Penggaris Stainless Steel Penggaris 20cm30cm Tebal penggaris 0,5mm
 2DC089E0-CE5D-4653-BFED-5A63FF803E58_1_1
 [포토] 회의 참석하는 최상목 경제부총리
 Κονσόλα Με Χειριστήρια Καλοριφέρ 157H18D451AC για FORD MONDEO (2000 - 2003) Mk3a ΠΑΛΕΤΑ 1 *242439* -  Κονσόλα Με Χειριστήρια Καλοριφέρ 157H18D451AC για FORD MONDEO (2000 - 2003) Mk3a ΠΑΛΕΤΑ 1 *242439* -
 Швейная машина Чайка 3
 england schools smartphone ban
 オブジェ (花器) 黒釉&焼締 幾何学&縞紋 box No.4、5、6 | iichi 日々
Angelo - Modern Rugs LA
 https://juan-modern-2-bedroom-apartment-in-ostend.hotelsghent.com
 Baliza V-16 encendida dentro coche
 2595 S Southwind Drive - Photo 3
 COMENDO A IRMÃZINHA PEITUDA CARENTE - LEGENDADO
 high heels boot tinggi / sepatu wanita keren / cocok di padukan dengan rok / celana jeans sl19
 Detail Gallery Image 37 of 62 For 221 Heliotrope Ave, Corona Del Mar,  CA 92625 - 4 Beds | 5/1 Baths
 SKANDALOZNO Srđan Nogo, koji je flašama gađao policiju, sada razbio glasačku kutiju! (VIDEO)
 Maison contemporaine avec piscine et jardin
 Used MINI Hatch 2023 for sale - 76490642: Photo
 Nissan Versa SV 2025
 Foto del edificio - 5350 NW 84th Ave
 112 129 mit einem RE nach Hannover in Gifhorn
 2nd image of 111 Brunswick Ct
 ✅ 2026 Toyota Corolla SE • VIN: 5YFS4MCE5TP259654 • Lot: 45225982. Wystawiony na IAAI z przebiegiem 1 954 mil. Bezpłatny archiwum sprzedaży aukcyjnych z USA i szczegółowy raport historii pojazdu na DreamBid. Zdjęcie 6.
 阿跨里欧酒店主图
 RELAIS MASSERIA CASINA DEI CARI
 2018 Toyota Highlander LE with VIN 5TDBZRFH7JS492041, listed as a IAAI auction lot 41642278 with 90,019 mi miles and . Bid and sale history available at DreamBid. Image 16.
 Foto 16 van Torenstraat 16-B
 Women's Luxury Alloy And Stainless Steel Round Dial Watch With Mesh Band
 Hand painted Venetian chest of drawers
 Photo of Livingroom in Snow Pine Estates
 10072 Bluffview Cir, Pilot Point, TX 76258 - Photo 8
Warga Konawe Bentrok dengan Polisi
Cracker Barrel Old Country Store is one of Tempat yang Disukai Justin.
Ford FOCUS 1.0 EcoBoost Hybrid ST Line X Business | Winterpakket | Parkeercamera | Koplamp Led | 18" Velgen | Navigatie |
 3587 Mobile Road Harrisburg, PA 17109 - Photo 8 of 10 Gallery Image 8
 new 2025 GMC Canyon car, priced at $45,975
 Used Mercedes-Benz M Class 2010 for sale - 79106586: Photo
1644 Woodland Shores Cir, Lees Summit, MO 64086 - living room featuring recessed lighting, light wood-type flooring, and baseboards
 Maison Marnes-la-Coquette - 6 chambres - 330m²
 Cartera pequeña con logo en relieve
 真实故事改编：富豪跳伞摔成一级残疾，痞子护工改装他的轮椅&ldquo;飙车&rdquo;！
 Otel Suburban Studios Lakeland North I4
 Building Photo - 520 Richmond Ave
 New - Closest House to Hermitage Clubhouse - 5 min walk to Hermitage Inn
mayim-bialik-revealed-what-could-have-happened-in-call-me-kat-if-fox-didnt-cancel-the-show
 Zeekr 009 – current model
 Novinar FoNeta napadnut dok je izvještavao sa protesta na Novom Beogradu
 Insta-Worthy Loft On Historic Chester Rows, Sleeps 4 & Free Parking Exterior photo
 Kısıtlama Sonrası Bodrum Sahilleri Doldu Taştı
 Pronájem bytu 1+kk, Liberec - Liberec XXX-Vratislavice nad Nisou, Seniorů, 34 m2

· · ·

*TASK*
The line with "Angelo - Modern Rugs LA" is the last to include; transcribe exactly every line from the top of the material above down to it.

*SOLUTION FOR THIS PROBLEM*
Penggaris Stainless Steel Penggaris 20cm30cm Tebal penggaris 0,5mm
 2DC089E0-CE5D-4653-BFED-5A63FF803E58_1_1
 [포토] 회의 참석하는 최상목 경제부총리
 Κονσόλα Με Χειριστήρια Καλοριφέρ 157H18D451AC για FORD MONDEO (2000 - 2003) Mk3a ΠΑΛΕΤΑ 1 *242439* -  Κονσόλα Με Χειριστήρια Καλοριφέρ 157H18D451AC για FORD MONDEO (2000 - 2003) Mk3a ΠΑΛΕΤΑ 1 *242439* -
 Швейная машина Чайка 3
 england schools smartphone ban
 オブジェ (花器) 黒釉&焼締 幾何学&縞紋 box No.4、5、6 | iichi 日々
Angelo - Modern Rugs LA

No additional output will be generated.